The amount of money you should save for your children depends on the desired goals for that money. People want to provide for their children in many different ways and its the overall picture which you need to plan for.

Having children brings great responsibility as well as great reward. When most people think about parenting, they consider tending to children’s physical, emotional, and psychological needs. However, considering your children’s financial future and needs should be an important consideration as well. Paramount in this planning is the decision of how much money to save for your children.

Why do I need to save money for my children?

You may choose to save money for your children in order to be prepared for either of two possible events. The first is the event that you become unable to provide for your children while they are minors. The second is the choice to provide an inheritance for your adult children’s future. These are two very separate issues, so each should be considered carefully and independently.

Saving money to provide for your children in the event of your death or loss of income during their minor years is crucial. In many instances, life insurance or disability insurance may help to provide for your children if something were to happen to you. However, this might not be enough. It is wise to consider additional savings in the event that your children need financial support should something happen to you.

Saving money to provide an inheritance for adult children is a preference rather than a necessity. Many parents feel that this is an important gift or legacy to leave to their children, while others consider it unnecessary. This is a very personal decision that only you can make. If you do choose to provide financially for your children after your death, you will want to have a financial plan for this gift well in advance.

When should I start saving money for my children?

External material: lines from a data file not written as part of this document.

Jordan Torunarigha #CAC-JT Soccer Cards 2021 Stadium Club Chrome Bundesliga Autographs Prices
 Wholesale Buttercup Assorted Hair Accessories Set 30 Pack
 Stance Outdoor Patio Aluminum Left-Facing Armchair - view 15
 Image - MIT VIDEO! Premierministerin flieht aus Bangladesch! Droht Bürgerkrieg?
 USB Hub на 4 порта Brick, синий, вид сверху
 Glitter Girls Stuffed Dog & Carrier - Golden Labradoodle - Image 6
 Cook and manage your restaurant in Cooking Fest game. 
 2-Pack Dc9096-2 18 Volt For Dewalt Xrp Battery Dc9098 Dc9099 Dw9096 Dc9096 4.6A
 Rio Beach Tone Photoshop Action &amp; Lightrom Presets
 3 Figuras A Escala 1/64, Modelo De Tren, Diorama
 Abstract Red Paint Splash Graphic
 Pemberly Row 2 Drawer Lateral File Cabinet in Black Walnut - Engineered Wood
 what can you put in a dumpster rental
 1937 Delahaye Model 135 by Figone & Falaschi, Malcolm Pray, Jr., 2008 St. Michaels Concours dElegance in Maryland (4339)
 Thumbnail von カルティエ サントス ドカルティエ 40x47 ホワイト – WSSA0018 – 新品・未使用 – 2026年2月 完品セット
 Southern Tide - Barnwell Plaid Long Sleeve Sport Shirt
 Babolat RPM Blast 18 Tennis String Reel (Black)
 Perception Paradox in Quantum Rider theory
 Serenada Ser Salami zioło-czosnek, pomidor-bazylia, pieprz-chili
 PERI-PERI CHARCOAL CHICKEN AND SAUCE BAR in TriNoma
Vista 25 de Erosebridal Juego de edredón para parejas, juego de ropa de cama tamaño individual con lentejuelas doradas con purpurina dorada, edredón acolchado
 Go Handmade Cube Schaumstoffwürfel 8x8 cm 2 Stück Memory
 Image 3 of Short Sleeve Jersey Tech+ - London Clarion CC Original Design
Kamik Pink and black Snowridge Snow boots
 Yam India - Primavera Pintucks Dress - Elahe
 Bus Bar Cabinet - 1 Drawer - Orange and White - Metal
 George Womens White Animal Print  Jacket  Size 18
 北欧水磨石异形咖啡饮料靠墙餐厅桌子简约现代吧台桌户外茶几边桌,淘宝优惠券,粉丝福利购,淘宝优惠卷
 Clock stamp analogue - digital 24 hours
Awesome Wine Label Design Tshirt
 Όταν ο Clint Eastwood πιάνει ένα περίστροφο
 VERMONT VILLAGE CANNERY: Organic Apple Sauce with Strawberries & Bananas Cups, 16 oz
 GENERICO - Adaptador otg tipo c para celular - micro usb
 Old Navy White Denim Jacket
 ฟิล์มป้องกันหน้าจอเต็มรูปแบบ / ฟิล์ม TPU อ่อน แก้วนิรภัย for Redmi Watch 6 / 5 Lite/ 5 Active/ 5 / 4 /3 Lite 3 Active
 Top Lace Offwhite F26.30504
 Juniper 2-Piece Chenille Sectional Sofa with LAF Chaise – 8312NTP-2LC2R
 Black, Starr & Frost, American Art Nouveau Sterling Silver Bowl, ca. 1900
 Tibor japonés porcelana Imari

As with most financial planning matters, the sooner you start saving, the better! There is no reason to wait until your children are older to start saving for their future. In fact, the earlier you begin, the more you will be able to accumulate in compound interest and reinvestments. Making sure that your minor children are provided for in the event of your death or loss of income should be a primary priority. Ideally, this is a situation you would want to have planned for even before your children are born.

Saving money for your children’s inheritance, however, may be less pressing. When your family is young, it may be more beneficial to focus on other goals, like saving for college or paying down the mortgage. A good financial planner can help you prioritize your savings goals and map the timeline of your savings plan.

How much money do I have to save for my children?

A number of factors will influence the amount of money you save for your children. Calculating the amount of money you will need for minor children in the event of your death or loss of income should be straightforward.

Consider all the costs of raising your children until they reach a self-sufficient age, housing, food, education, and basic living expenses, to name a few. Next, subtract from this the amount of money your current savings, life insurance, and/or disability insurance will cover. The difference between these two amounts is the minimum amount you should plan on saving. Of course, it is never a bad idea to have even more of a financial cushion, just in case.

Deciding how much money to save for adult children’s inheritance can be more complicated. Here are some factors that might come into play in your decision:

  • Funeral costs: Although it may seem morbid, having your funeral expenses and arrangements planned in advance can be a tremendous gift to your family at a very difficult time. Set aside the funds to cover these costs, and make sure that your wishes are clearly outlined or pre-arranged.
  • Estate costs: Regardless of the size of inheritance you choose to leave, you probably don’t want to saddle your family with the cost of settling your estate. Your attorney should be able to help you calculate these out-of-pocket costs, taxes, legal fees, etc. that you will want to provide for.
  • Taxes: You may choose any amount that you would like to gift to your family after your funeral and estate taxes are covered. However, remember that your family will not receive the total amount that you have saved. Talk to your financial planner about projected inheritance taxes to understand how much of your gift will actually be received by your children.
  • Future Value of Money: Once again, remember that the earlier you start saving, the better off you will be. Take into account how much the money you are setting aside will be worth based upon expected rates of return and the amount of time you can allow your savings to grow.

It can be difficult to think about planning your estate, and even harder to talk about. However, doing your research and having frank conversations with your family, your attorney, and a financial planner can be enormously beneficial. Proper forethought and planning can help you decide and execute exactly how much money you should save for your children.